*** Opening STORED DATA ***

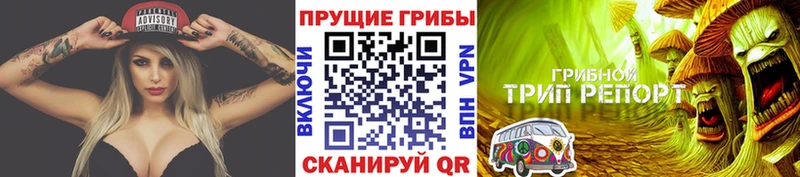 kraken как войти  Спасск-Рязанский  Галлюциногенные грибы мицелий  магазин  наркотиков 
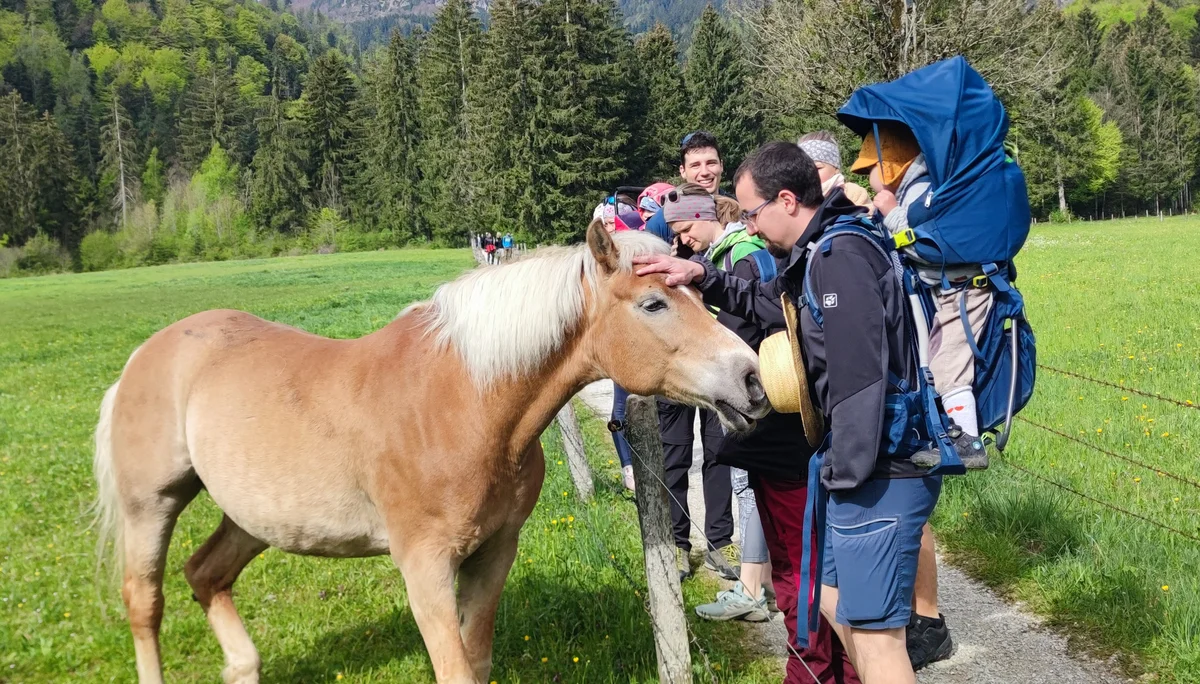 © DAV Teisendorf / OG Waging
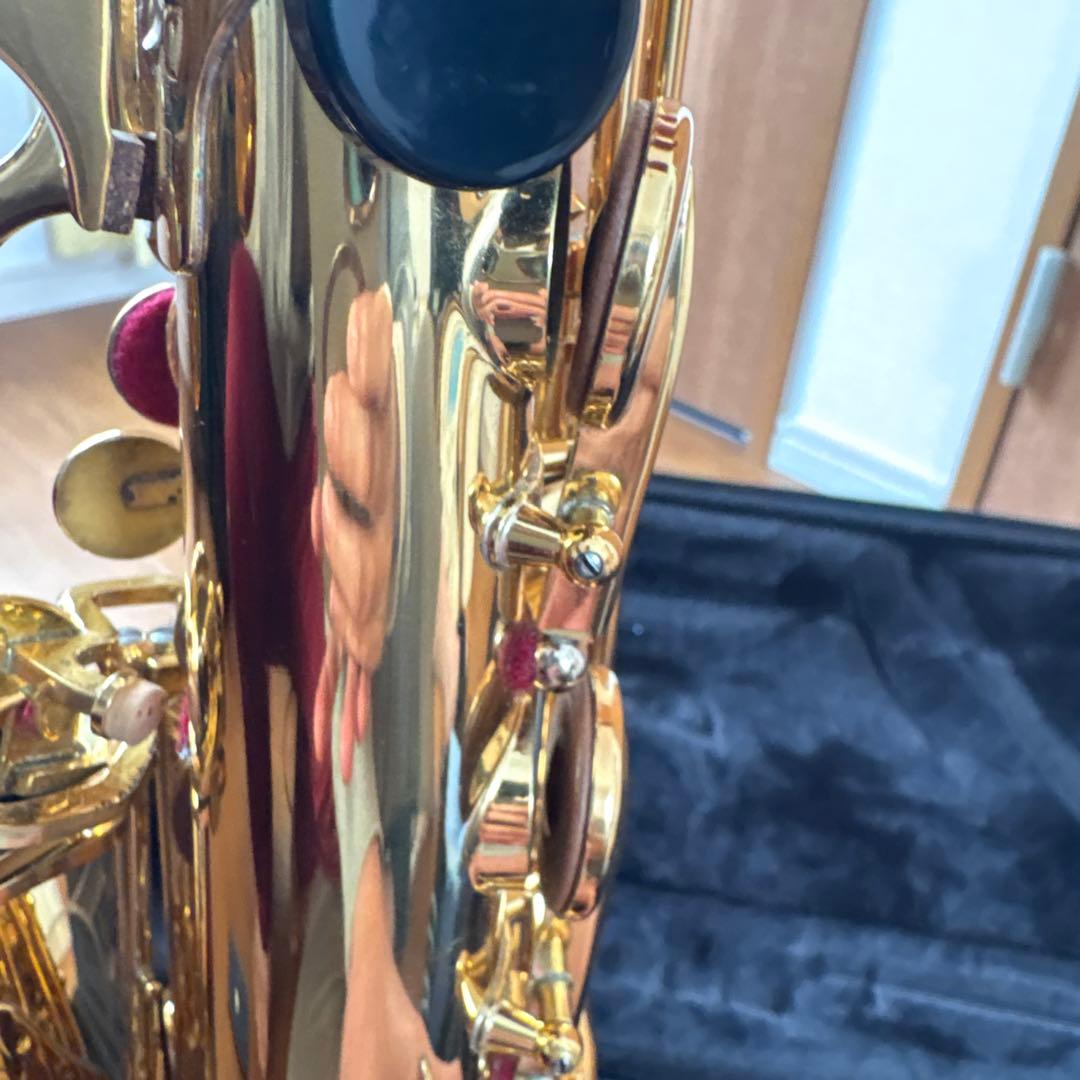 アルトサックス 875ex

*** Closing STORED DATA ***

● **PROBLEM REQUIREMENTS**: Repeat the material above in full and unchanged, minus its images.

● **REPLY**:
 kraken как войти  Спасск-Рязанский  Галлюциногенные грибы мицелий  магазин  наркотиков 
 © DAV Teisendorf / OG Waging
 アルトサックス 875ex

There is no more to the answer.